Bafuna, it is so sad to read this post. I guess you are new on here? ...Read up on other stories. This is classic cheater speak, classic manipulation. He turns what he created into your problem. And yet HE created the problem! And he tries to shut you up and get you off his back by threatening to leave. 9/10 he won't and is just saying this, 1/10 he means it. He just wants you to back down. Pure and simple. And why would he want YOU to back down? Is it so he can carry on cheating in peace? It is he that made the mistakes...and as you say, only you that is paying for them, and only you trying to fix them. 

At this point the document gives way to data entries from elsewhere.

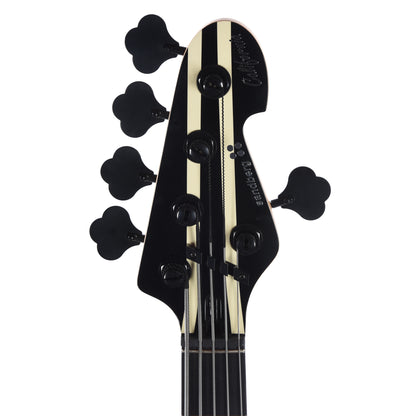 Sandberg California VM5 5-String Highgloss Black w/Creme Stripes Bass Guitars / 5-String or More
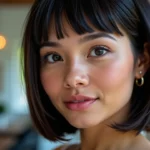 Idealne fryzury dla owalnej twarzy – przewodnik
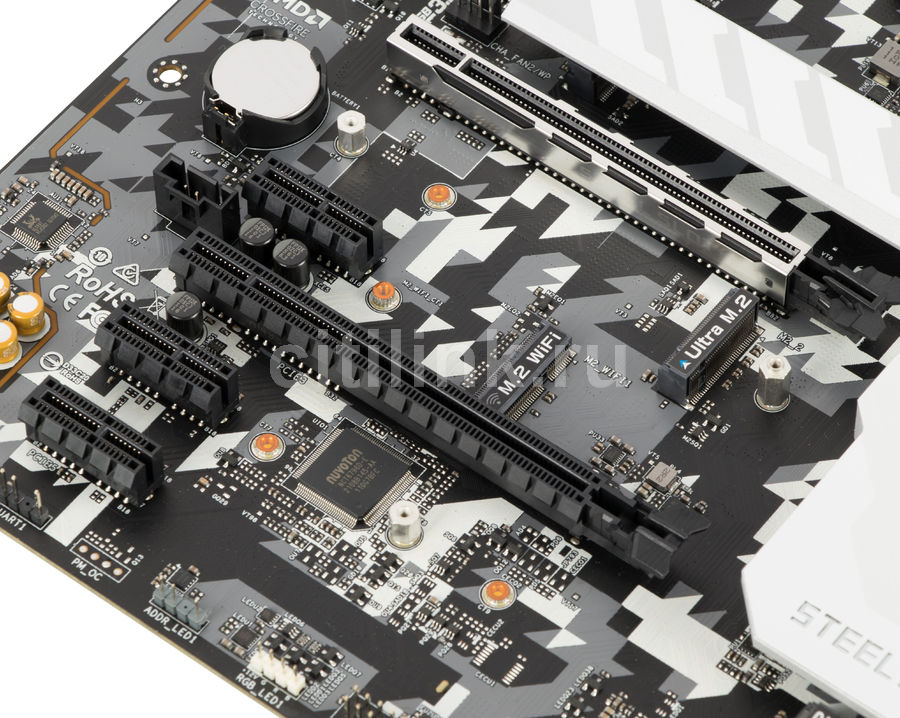 Характеристики Материнская плата ASROCK H570 STEEL LEGEND, LGA 1200 ...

I have been there. My situation has much similarities of what you have written. The blame, the threats. He said he can't take it much longer. I said neither can I. He threatened to leave. I said good, go. I opened the door for him. Either he left and soon came back, or he didn't leave at all. He hides from his lies by refusing to fix. I have done all the hard work. IT IS DRAINING. Don't take it lying down lady. Put your foot down and let him make his choices. 

Read up on here, on other stories, other similarities (and my, you will find many) build your confidence in knowing what is right, that you are right, and that he is wrong. And he will stay wrong until he starts making effort. Educate yourself on infidelity. It works wonders for the confidence. And it works wonders on seeing through the manipulative bulls*it.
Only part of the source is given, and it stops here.